Ich hab Java3D installiert und in eclipse in ein Projekt die folgenden libraries eingebunden:
j3dcore.jar
j3dutils.jar
vecmath.jar
(sind die drei, die mit java3d 'mitgeliefert' werden)

Nun würd ich gerne die entsprechende Javadoc für diese libs einbinden, damit die Klassendokumentation z. B. bei Mouse Over erscheint. Ich expandiere also die Baumansicht  in den Project Properties -> Java build path -> Libraries und kann dort für jedes jar einzeln die url/den Pfad zu den Javadocs angeben. Hier nun das Problem: Ich find nirgends die Java3D-Docs zum runterladen und wenn ich als url einfach nur den Link zur doc ( Java 3D 1.5.1 ) im Netz angebe, dann funzt es auch nicht. 
Was zum Teufel muss ich bei den jars jeweils angeben? Bzw. wo kann ich die verflixte doc runterladen? Ich kriegs nicht gebacken...

Danke im Voraus!


----------



## Ebenius (20. Apr 2009)

Siehe: Java 3D™ Downloads: Release Builds. Recht weit unten steht: "API Documentation & Utils". Funktioniert das nicht?

Ebenius


----------



## jakoby84 (20. Apr 2009)

Hervorragend, tausend Dank! Hab mich echt in Google und auf den Seiten todgesucht und war wohl dadurch blind für das Wesentliche...
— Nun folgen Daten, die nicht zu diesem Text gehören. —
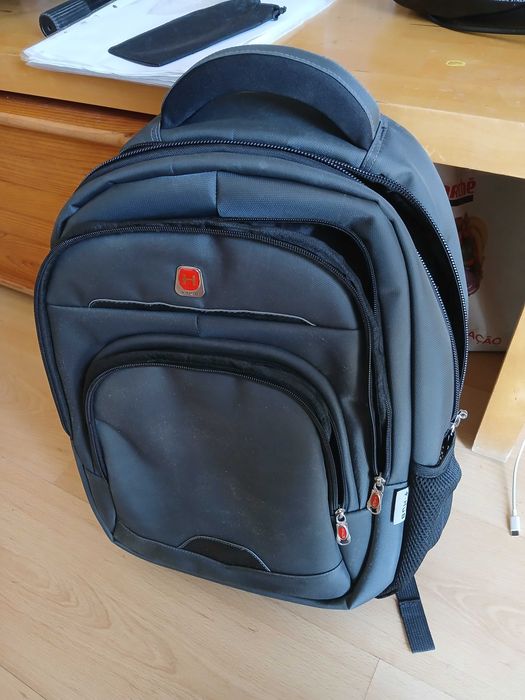 Mochila +HUB excelente
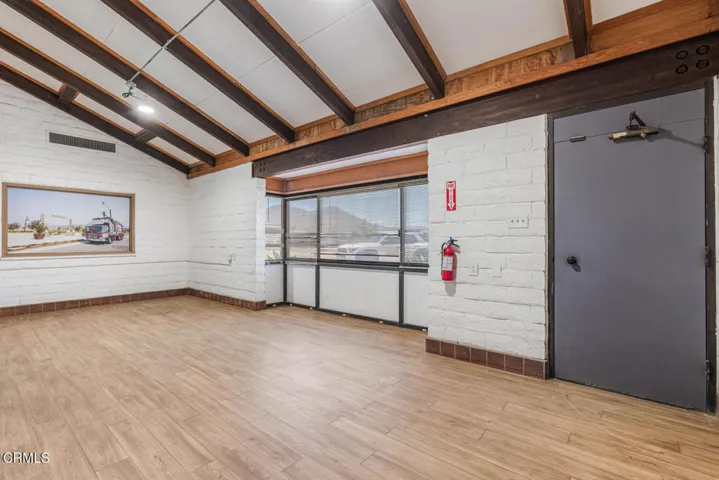 905 Corporation St Santa Paula-large-014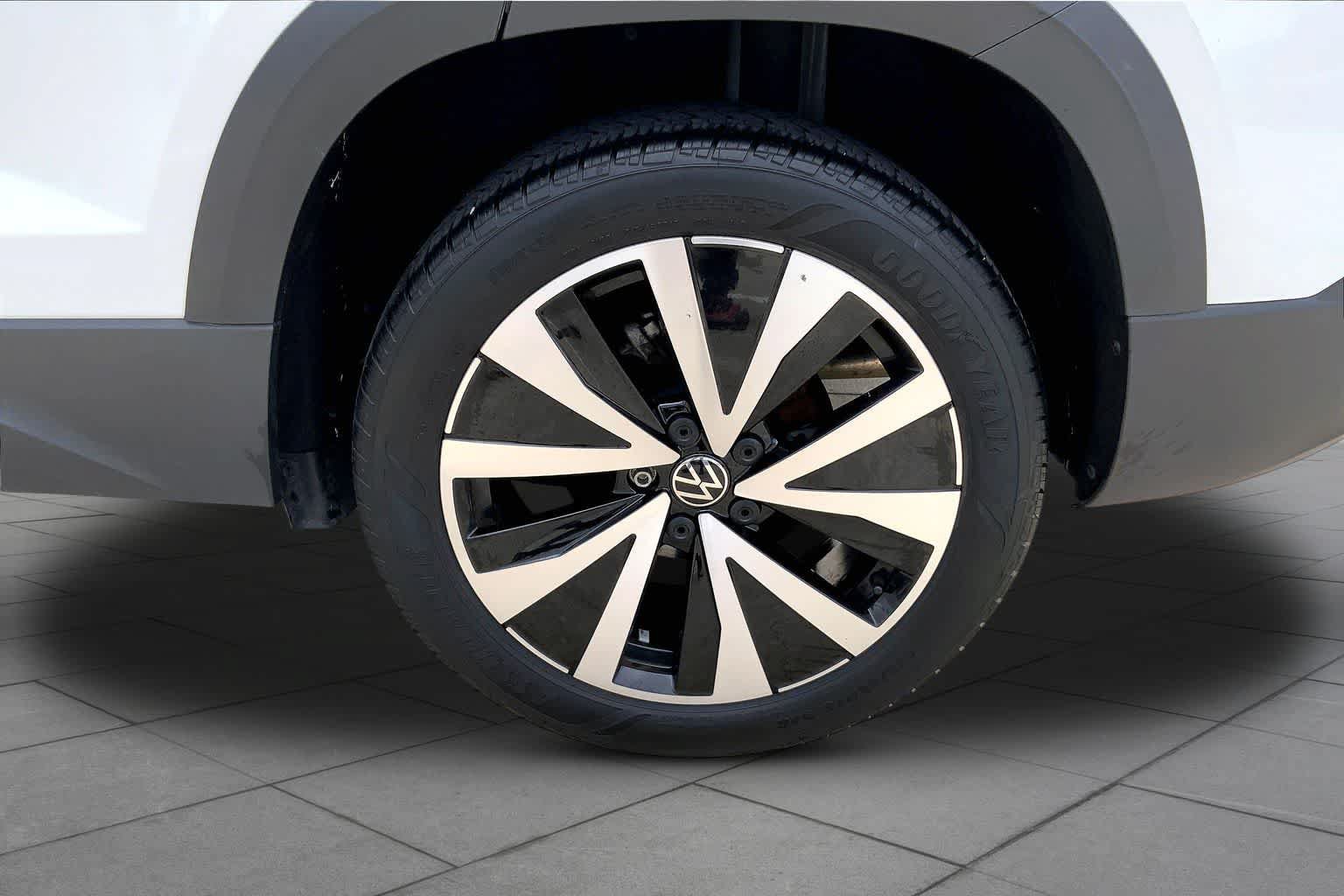 Used 2024 Volkswagen Taos SE FWD image 11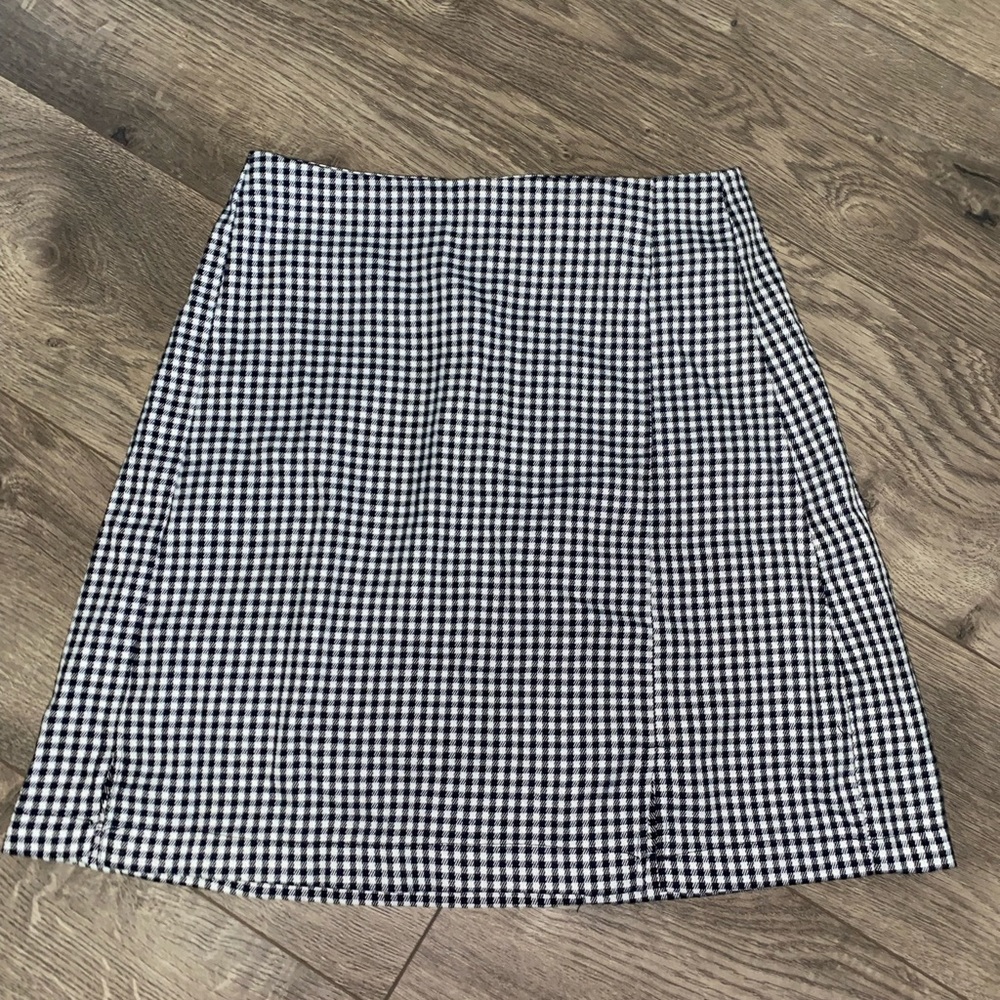 Brandy Melville checkered skirt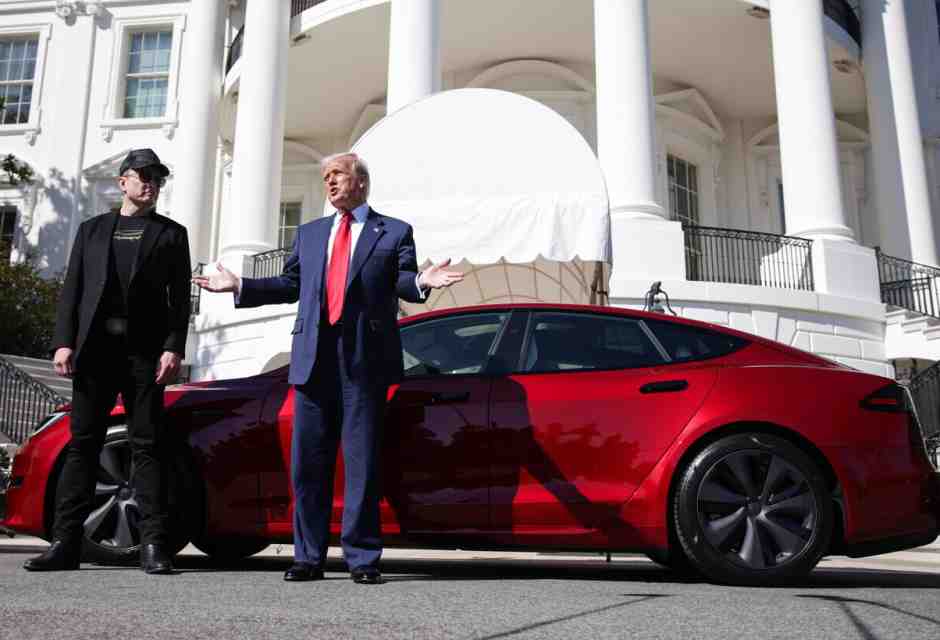 Donald Trump compra una Tesla (che non userà) per supportare l'amico Musk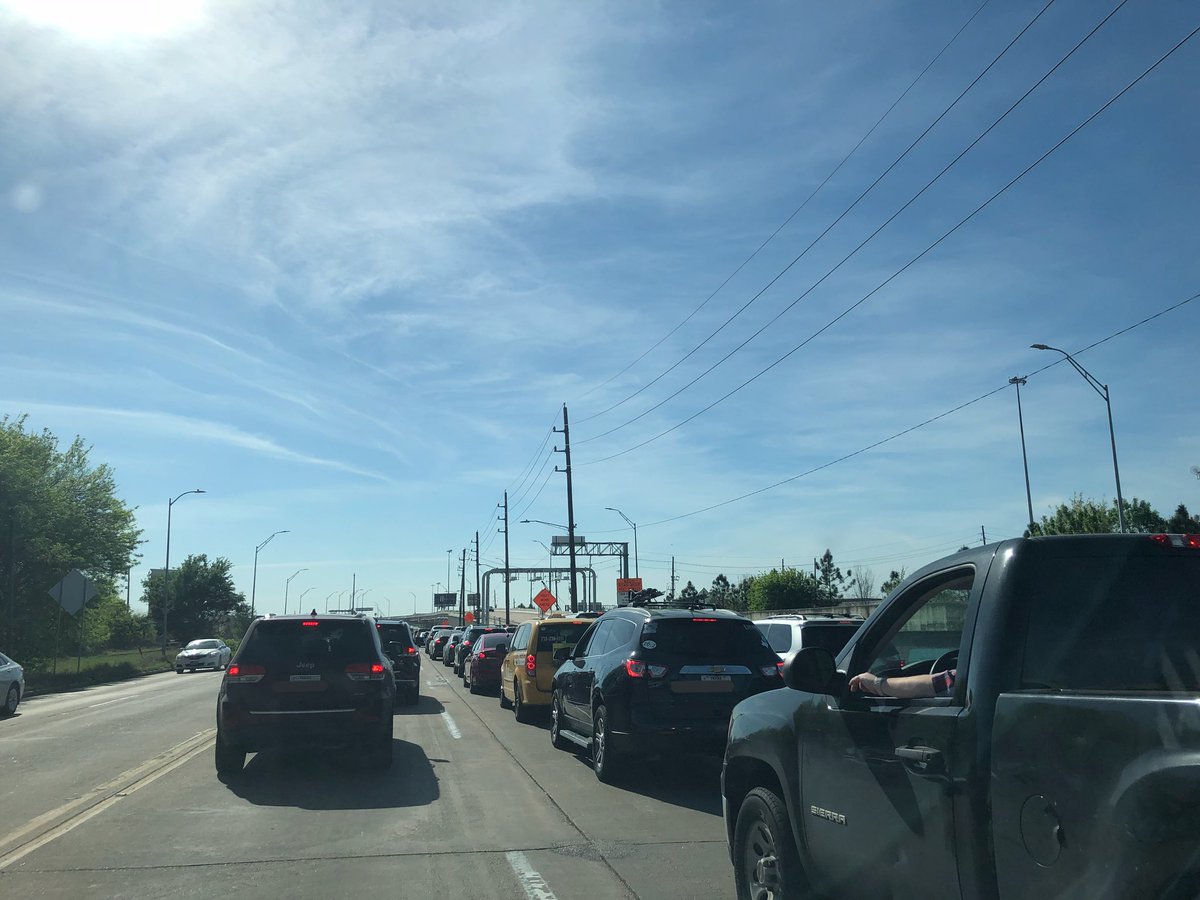 pcsforme's tweet image. The Raspberry Pi 3 Model B+ is here! Here was the line of cars waiting to get one. #RaspberryPi #Pi3Plus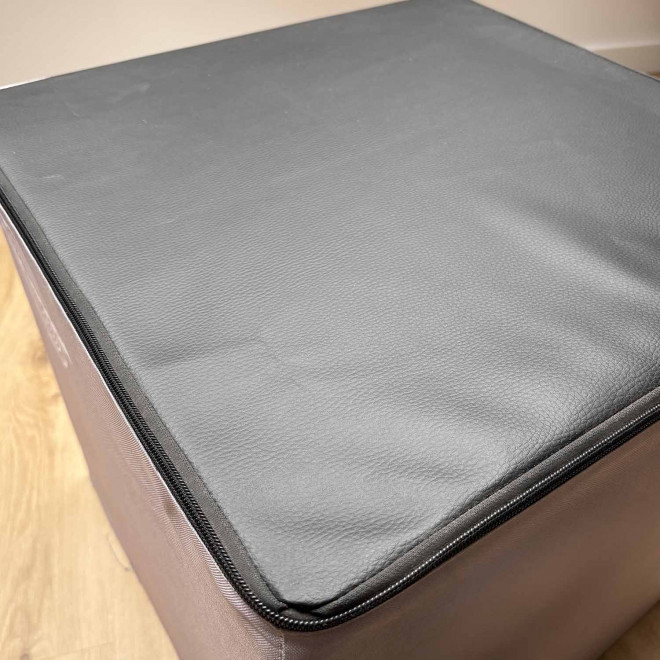 CUBE EN MOUSSE PERSONNALISABLE 'CUBIQUE EU' L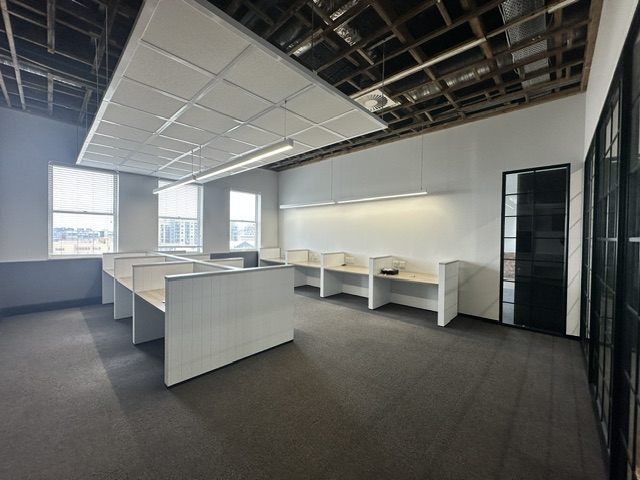 To Let Commercial Property for Rent in Woodstock Western Cape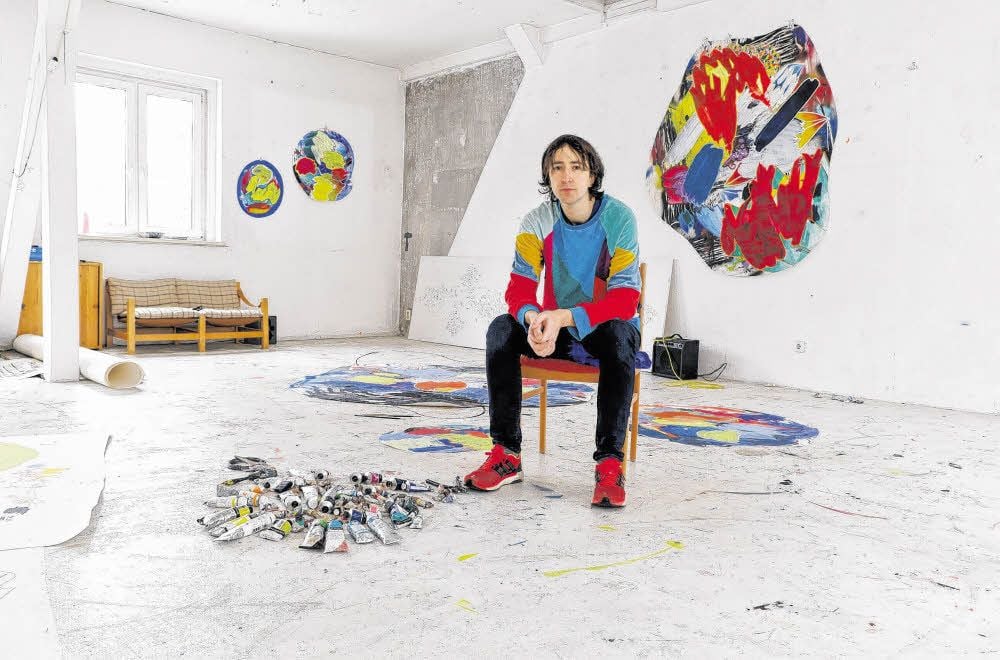 In seinem Leipziger Atelier entwirft der gebürtige Chemnitzer Peter Piek nicht nur rauschhafte Bilder ohne Oben und Unten, sondern auch Klangwelten, die in der deutschen Rock- und Popmusik einzigartig sind.
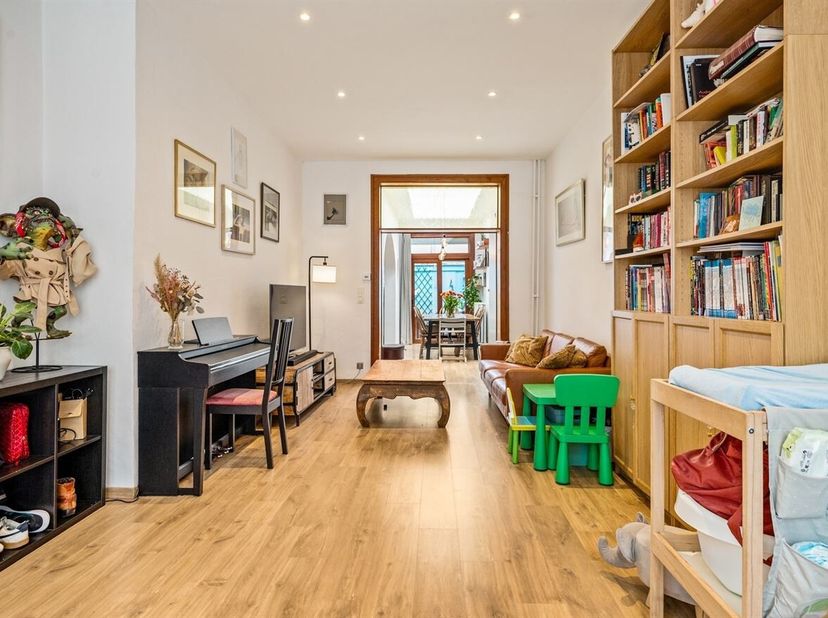Charmante maison rénovée avec 4 chambres à coucher à Anvers<br />
Vous êtes à la recherche d'une maison prête à être emménagée, avec de l'espace, du c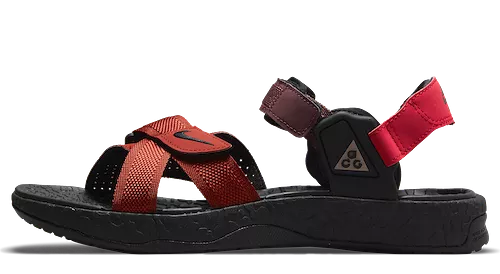 NIKE ACG AIR DESCHUTZ + SANDALS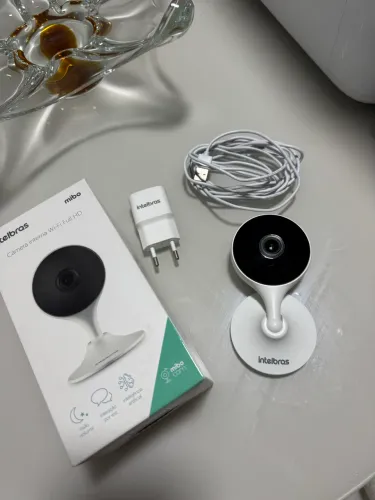 Câmera de Segurança Intelbras iM3 Wi-Fi Full HD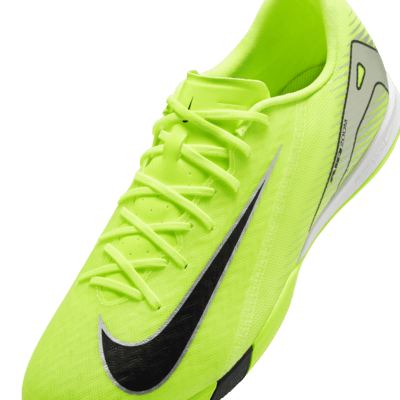 Nike Mercurial Vapor 16 Academy IC Low-Top Football Shoes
Hab jetzt erfolgreich die doc und sogar die sources eingebunden 

Falls zufällig jemand in Zukunft über den Thread hier stolpern sollte, eine kurze Anleitung: Die zip-files mit den sources können einfach so ausgewählt werden (für vecmath und die anderen beiden libs zwei verschiedene files) und die docs werden einfach durch Angabe des Stammverzeichnisses, welches man runterlädt, spezifiziert, bzw. vielleicht hätte es auch einfach durch Auswählen des zip-Verzeichnisses ohne vorheriges Entpacken geklappt.

Zumindest bin ich nun am Ziel, tausend Dank, der Link war perfekt!


----------